The alternate feed ingredients are also being chosen specifically to promote the content of n-3 long-chain polyunsaturated fatty acids (LC-PUFA) in the farmed fish. These fatty acids are crucial for good health but countries like Kenya and Tanzania have some of the lowest consumption rates for these fats of anywhere in the world. By including these new feed ingredients in fish produced locally these beneficial fatty acids are passed on from the raw ingredients to the fish and then on to the people who eat them. This has the potential to improve the health of these poor populations through cheap locally produced foods that have the potential to reduce diseases such as heart disease, dementia and some cancers. Therefore, the development of alternate fish feeds rich in these ingredients will reduce the suffering and economic cost of these diseases in countries with poorly developed health services.

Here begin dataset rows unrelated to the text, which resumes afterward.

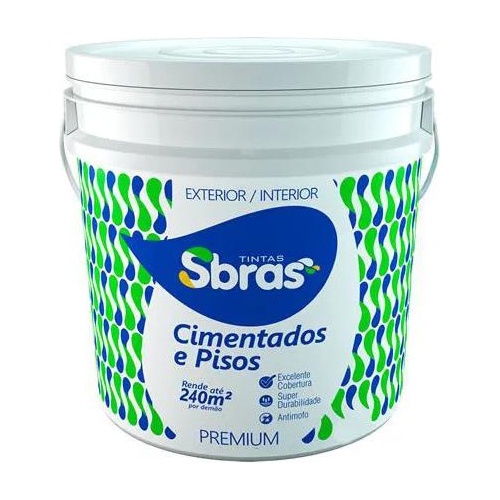 Tinta Cimentados Pisos Telhas Branco Neve 15l Sbras Shopee Brasil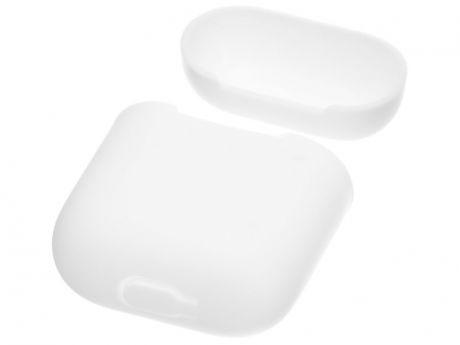 Чехол Luazon для APPLE AirPods 1 / 2 Silicone White 5131314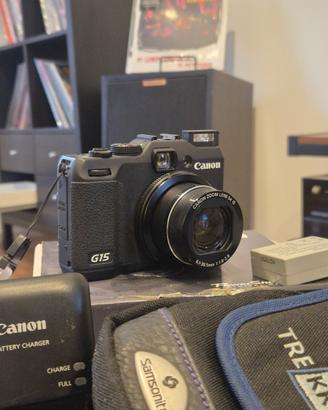 Canon Powershot G15 con accessori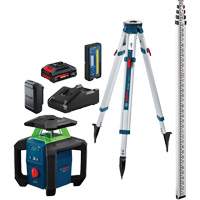 Ensemble laser vertical/horizontal &agrave; faisceau vert 18 V avec coffret de transport, 2000' (609,6 m), 630-670 N.m Distribution Jean Lapalme
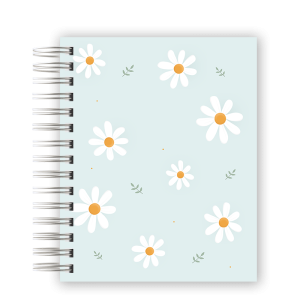 CADERNO PERSONALIZADO - DELICADO AZUL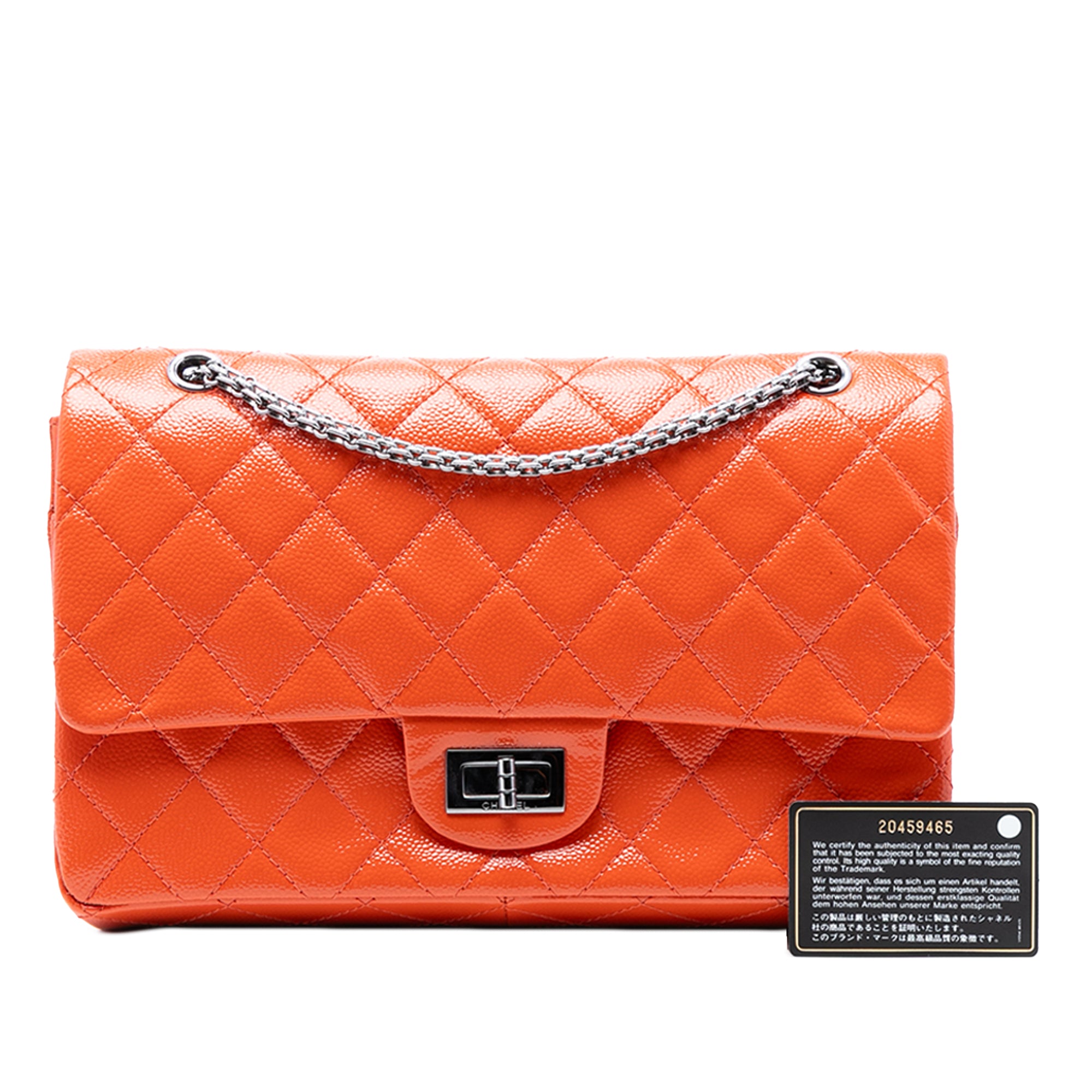 Quilted Patent Caviar Reissue 2.55 Double Flap 227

In addition to the health, social and economic benefits this research project will also increase the level of scientific knowledge in all the countries involved. This will be of particular benefit to countries like Kenya and Tanzania where this project will work to ensure that the scientists and students involved with the project will be trained in the latest scientific skills and techniques. This will ensure that the project leaves a legacy within these countries of highly skilled scientists, networked to the international scientific community, who will be able to then develop another generation of high quality scientists. This knowledge exchange will also be of direct benefit to UK and Indian scientists, allowing them to learn from their colleagues in other countries and bring back that knowledge to help their domestic economies. In the UK we face similar issues with our fish farming industry, which is reliant on imports of fishmeal and oil, and expensive soybean protein concentrates, all mainly from South America and other countries outside the EU. The concept of a holistic approach to solving this problem through development of new potential feed ingredients from indigenous plants/crops is equally relevant in the UK. Therefore, the technology and information developed within this project will be applicable within the UK fish farming industry and provide valuable information for ongoing UK research into finding alternate ingredients for fish feeds.